The second phase of the project will begin in June 2024, with the establishment of a permanent WG to monitor technologies and standards. The aim will be to perpetuate the work carried out during the first phase and ensure quarterly updates of use cases, impacts and best practices. The advantage of such an approach lies in the ability it gives contributors to adapt as closely as possible to developments in terms of technology, legal constraints and societal expectations.  

The deliverables

So far, the WG has produced three key deliverables:

  1. Mapping of use cases 

The mapping of Gen AIS use cases was drawn up through hearings with WG participants and through research work leading to the identification of 167 relevant use cases. This mapping has been enriched and updated on an ongoing basis, benefiting, among other things, from feedback from contributors during plenary meetings.

  1. Taxonomy of impacts

Based on the mapping of use cases, a list of positive impacts and a list of negative impacts were identified. These two lists have been organized into an easily exploitable taxonomy. A multiscalar approach (individual, organizational, societal and global levels) was adopted to make the taxonomy easier to use. 

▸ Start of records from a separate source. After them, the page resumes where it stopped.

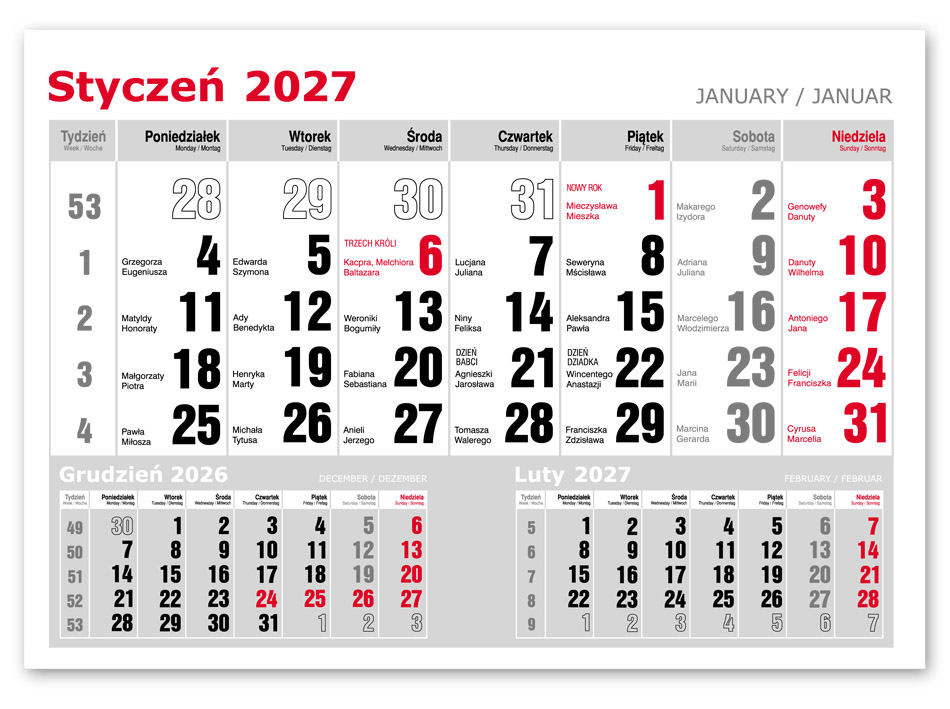 jednodzielny_standard_2023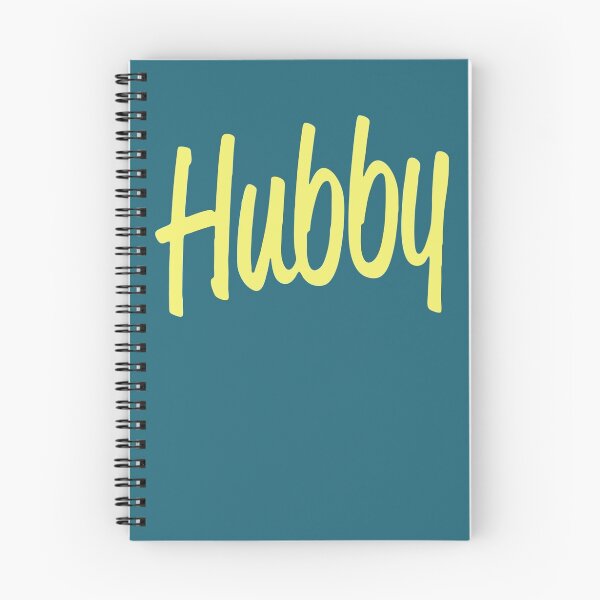 Item preview, Hubby Newlywed Bride Groom designed and sold by JaeDhut55.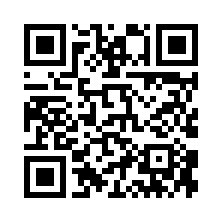 QR Code for 34FrbdZWpT6mWD7BwHH1THWLPPqXuBEFH7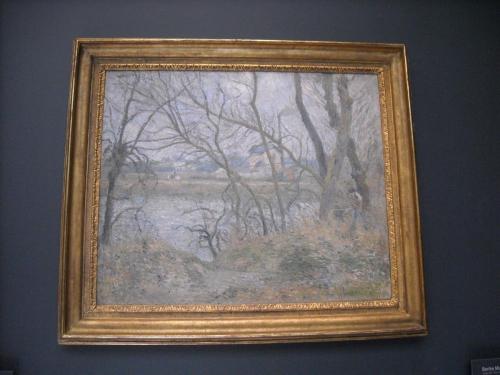 Изображение 300.jpg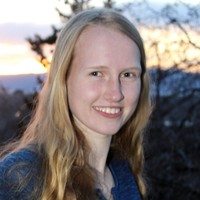Alice Wach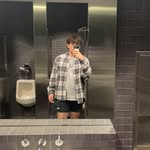 Dylan Tomlinson - @dylan.tomlinson - Instagram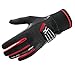 Mizuno- ThermaGrip Golf Glove (1-Pair, Men's)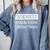 Introvert Introverted Willing To Discuss Conspiracy Theories Comfort Colors Sweatshirt Blue Jean Introvert Introverted Willing To Discuss Conspiracy Theories Comfort Colors Sweatshirt Blue Jean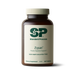 Zypan®, 330 Tablets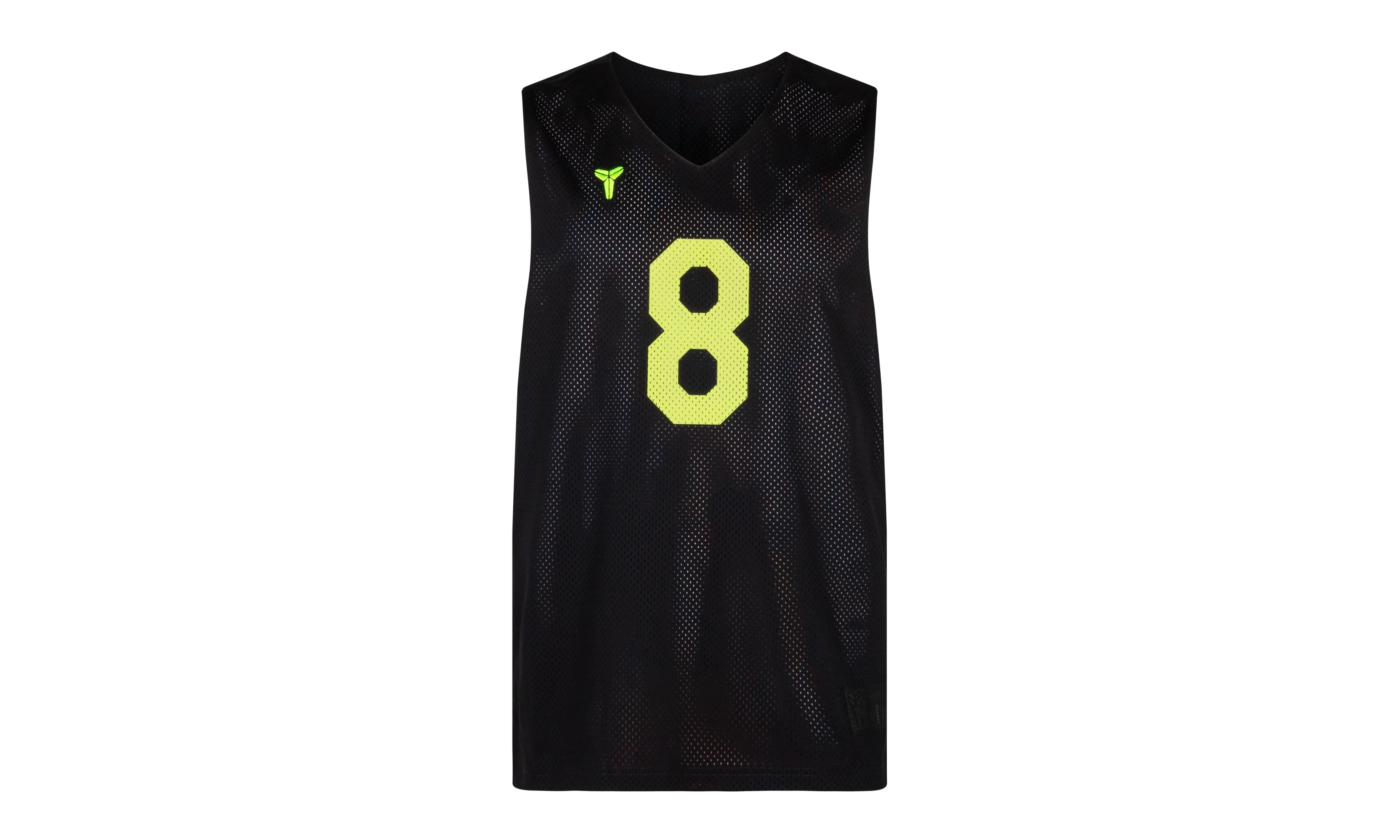 Kobe Dri-FIT Reversible Jersey Multi-Color - Kobe Dri-FIT Reversible Jersey Multi-Color - Jordan 1s - AIR Jordan 1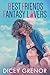 Best Friends, Fantasy Lovers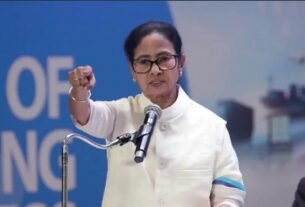 navjivanindia2025 12 18kktqbamnM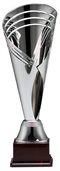 2960_discount-prestige-cups.jpg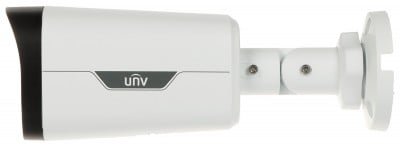 Uniview IPC2314LE-ADF28KM-WP Photo#3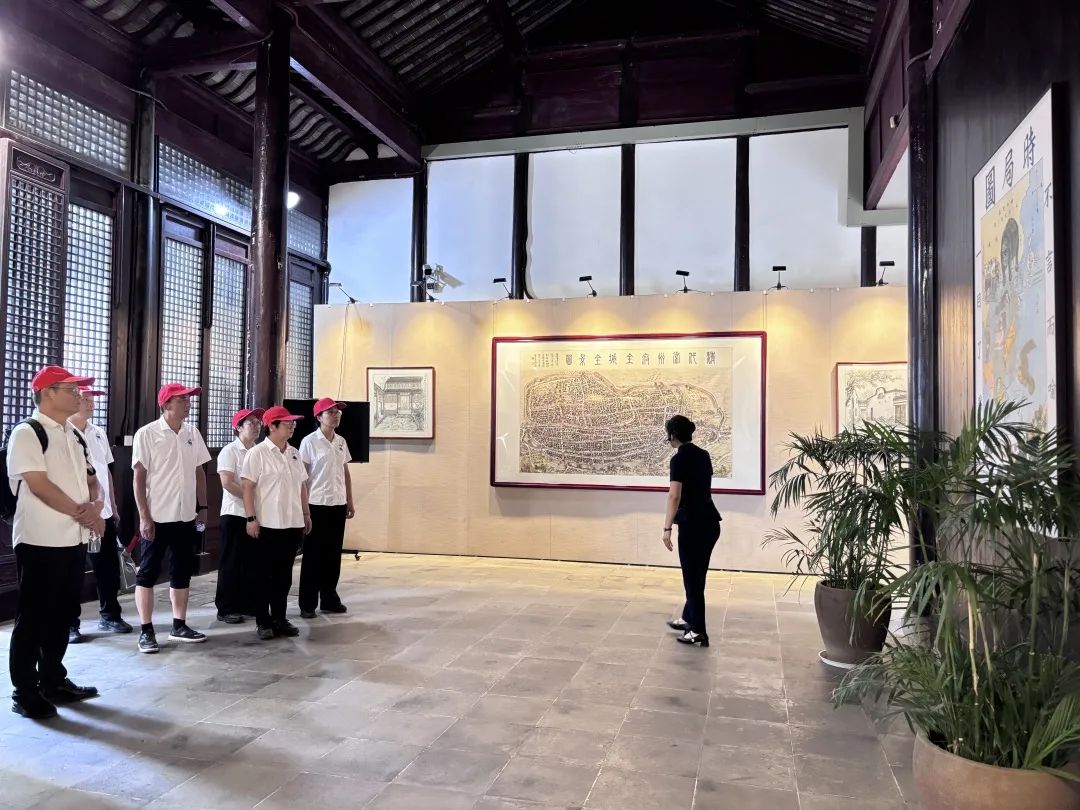 z6.com(中国区)官方网站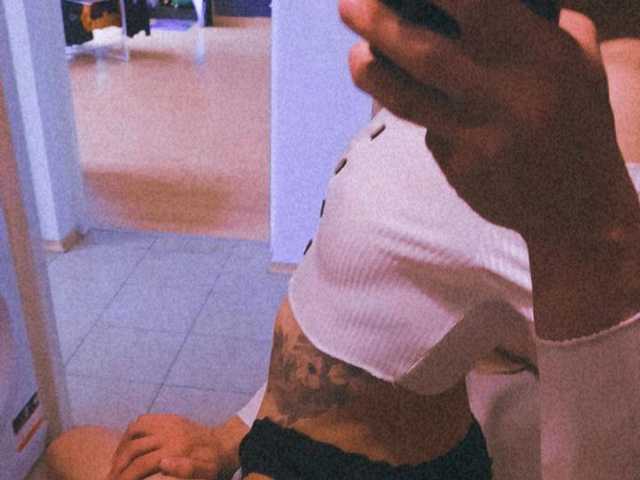 Фотографија на профилот AlexaBorzaya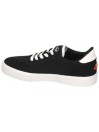 Ellesse Alto Zag Sneakers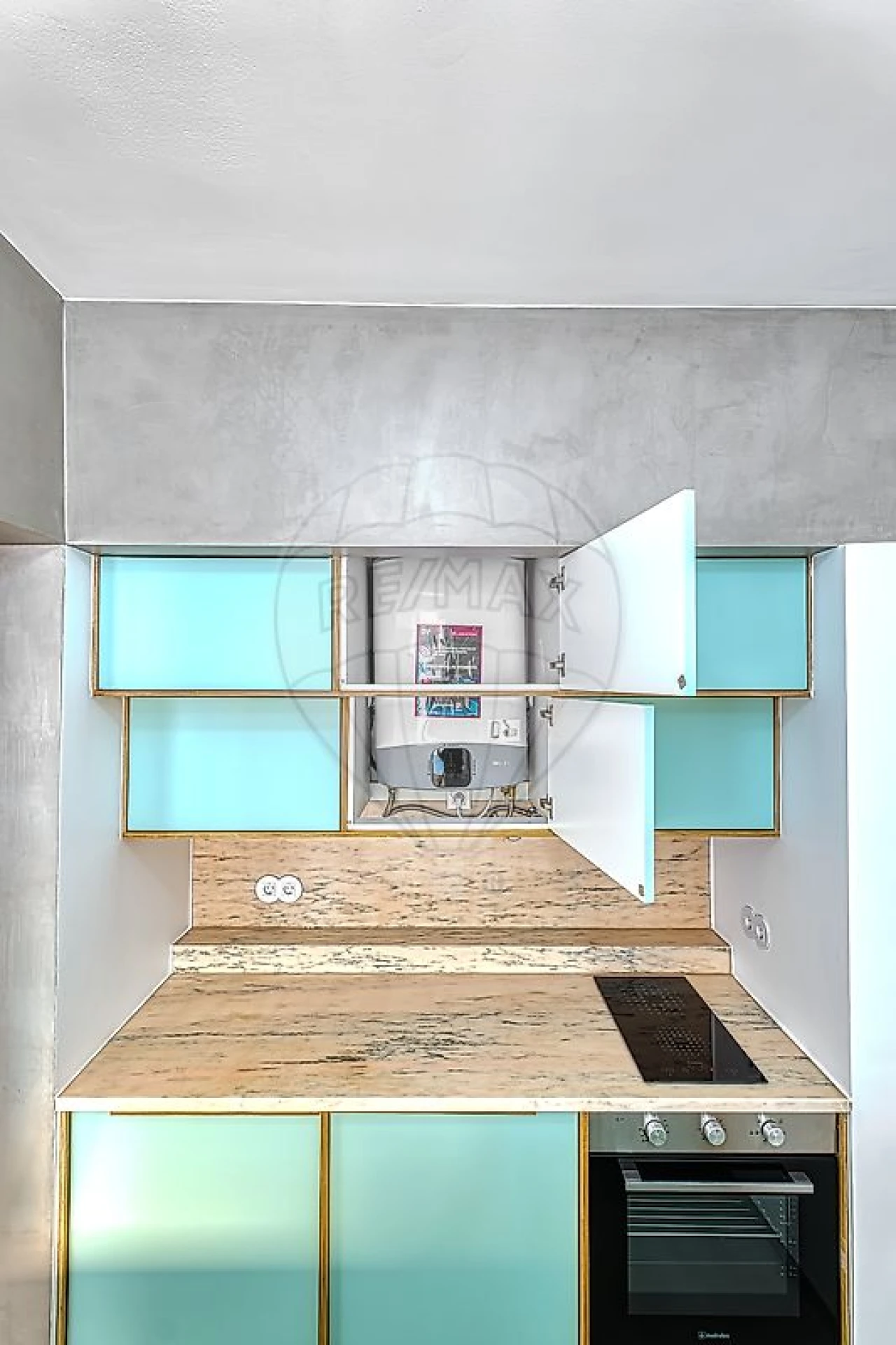 Apartamento T1 para Venda em Moscavide e Portela Foto 32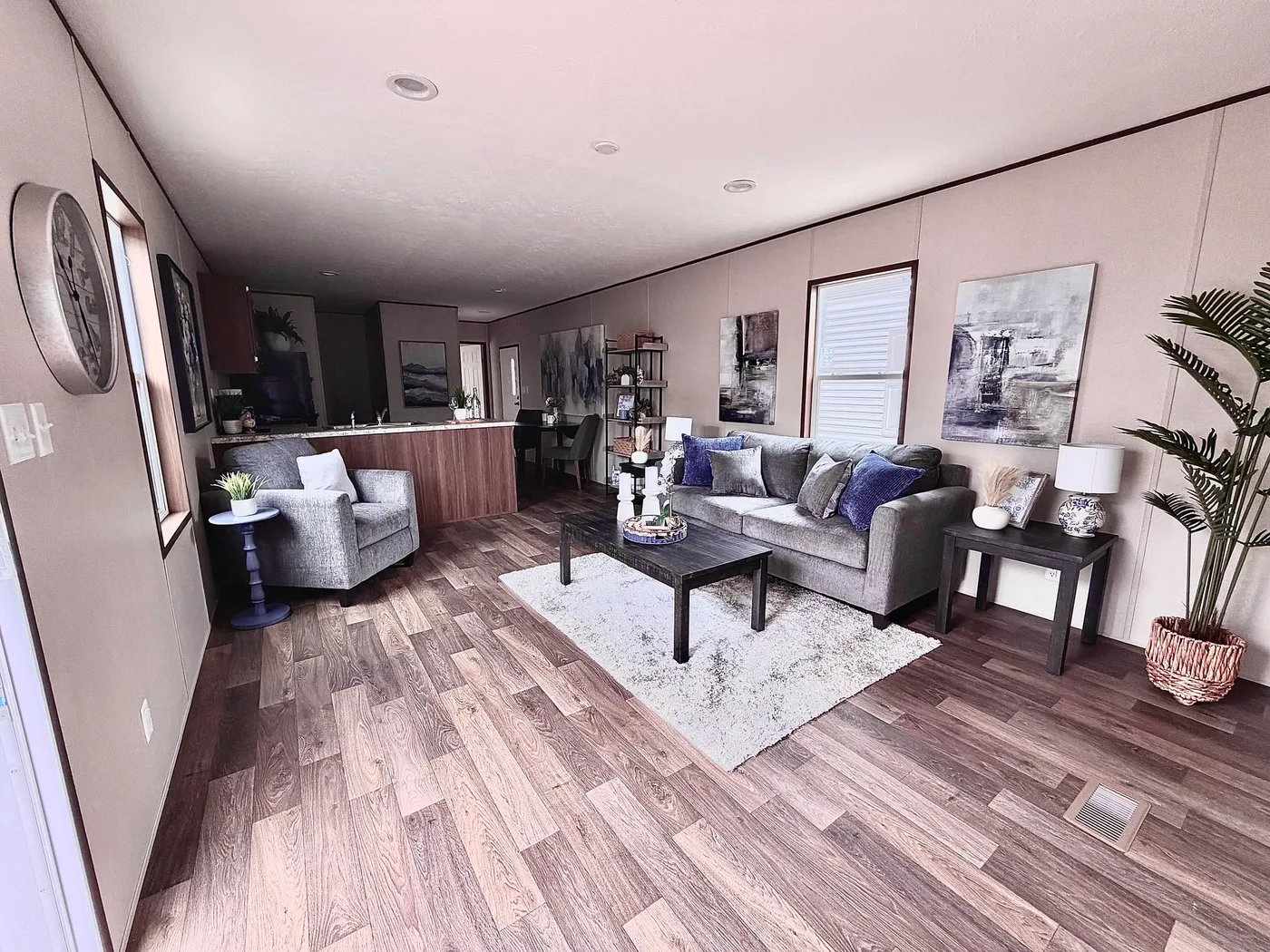 home image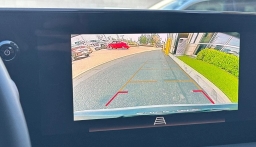 Buick Encore GX Preferred FWD 4dr 2026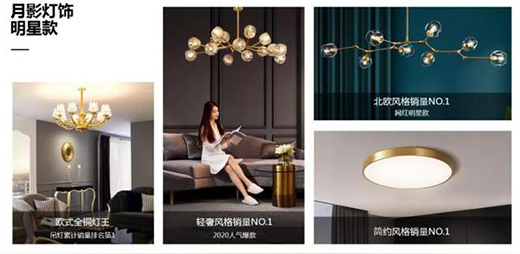 ��Ӱ�Ҿӵ�һ!ȫ�~���ȫ��(gu��)�N�������ذ����t!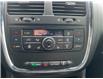 2020 Dodge Grand Caravan GT (Stk: 06299A) in Sarnia - Image 13 of 24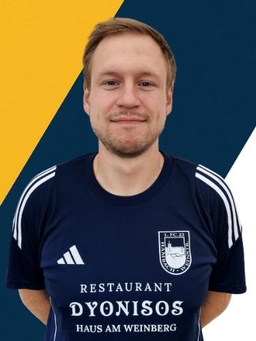 Avatar Bild für Jonas Fink
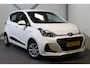 Hyundai i10 1.0i Comfort|Airco|Navi|Car-Play|Cruise|Rijklaar|
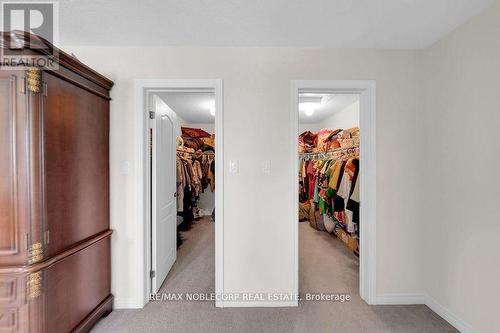 201 Eight Avenue, New Tecumseth (Alliston), ON - Indoor Photo Showing Other Room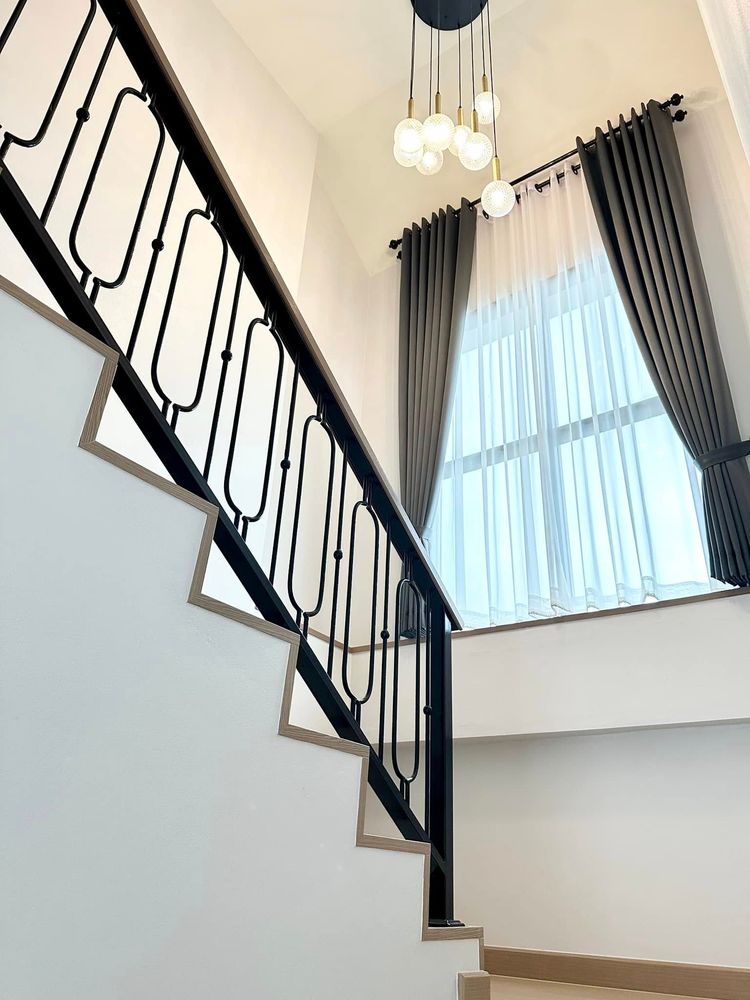 ภาพแบบบ้าน-𝐍𝐎𝐑𝐓𝐇𝐖𝐎𝐎𝐃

  1. Ranking positive and negative impacts 

As we expanded the taxonomy during our plenary sessions, we noticed that the impact categories identified applied to Gen AIS as well as to most existing digital technologies. By focusing on the specific features of Gen AIS, we have prioritized the impacts most exacerbated by these new technologies. 

Three types of impact were of particular interest: on the environment, on skills, and on productivity. The creation of a working group focusing on environmental impacts was approved at plenary session 5 on 16 May 2024.

At the end of this process, we identified five major peripheral findings: 

  1. In terms of impact, it is difficult to make a strict distinction between generative AIS and traditional AIS. 
  2. The differences between traditional AIS and Gen AIS seem to be based on two elements: their ability to blur the boundary between the real and the artificial, and the increase in quantity and quality compared with traditional AIS. 
  3. Ethical thinking is still heavily structured by compliance, which limits its understanding, application and scope. 
  4. The use cases for Gen AIS remain limited in organizations compared with the possible use cases identified. 
  5. There are significant differences in approach between geographical areas, and therefore between cultural areas, as regards both the use of Gen AIS and the assessment of their impact, particularly in terms of ethical acceptability and desirability. 

As we approach the end of this first phase of our work, we can see that Gen AIS are presenting a growing number of use cases whose impacts are as varied as those of other digital technologies.

The deliverables will be living objects that will need to be updated on a regular basis in order to benefit from adaptable and relevant best practices. The work of the WG will also continue with the aim of identifying weak signals concerning technical and normative developments surrounding Gen AIS, in order to move away from a reactive approach towards one of anticipation.

The work of the WG will be completed by the reflections of the WG focused on environmental impacts, as well as by specific research work supported by expert consultations. The impacts on skills and productivity will also be the subject of discussions that will be shared through technical notes.

The project as a whole will enable contributors to benefit from up-to-date information, shared experience, good practice and potentially early warnings that will facilitate decision-making on the adoption and use of Gen AIS, making decisions more relevant and therefore more effective.